Notre pays, qui préside actuellement le Conseil de l’Union européenne, doit montrer l’exemple en prenant pleinement sa part dans cet effort de solidarité. Or celui-ci repose beaucoup trop sur les pays limitrophes de l’Ukraine. À ce jour, la France a accueilli environ 15 000 réfugiés, quand l’Allemagne en a accueilli plus de 150 000, soit dix fois plus. L’accueil de la France est donc insuffisant au vu de l’élan de solidarité de nos compatriotes depuis plusieurs semaines. Notre pays doit démultiplier ses efforts – c’est possible, puisque nos voisins l’ont fait – pour héberger, soigner et accompagner les réfugiés venus d’Ukraine.

Je souhaitais surtout attirer votre attention sur la situation des populations minoritaires. Plusieurs associations nous alertent chaque jour sur les discriminations dont sont victimes certains des réfugiés en raison de leur couleur de peau, leur sexualité ou leur identité de genre. Je pense en particulier aux étudiants africains et indiens à la frontière ukrainienne.

Comme le rappelle le dernier rapport du Haut Commissariat des Nations unies pour les réfugiés (HCR), la vulnérabilité des populations minoritaires et la probabilité qu’elles soient exposées à des abus augmentent lors des conflits armés.

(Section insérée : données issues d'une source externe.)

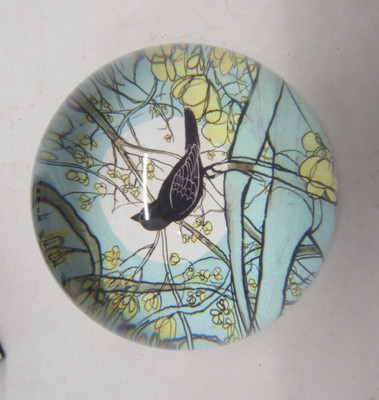IPOP Blackbird Cherry Blossom Premium Glass Paperweight Dot Design 3''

De plus, certains pays limitrophes de l’Ukraine, tels que la Pologne et la Hongrie, ont laissé s’installer ces dernières années des pratiques hostiles aux personnes appartenant à la communauté homosexuelle, bisexuelle, transgenre, transsexuelle ou queer (LGBTQ).

La France doit, une fois de plus, être à l’avant-garde et offrir un accompagnement spécifique et un accueil inconditionnel à tous les réfugiés susceptibles d’être discriminés. Ces personnes devraient faire l’objet d’un transfert simplifié et prioritaire vers notre pays.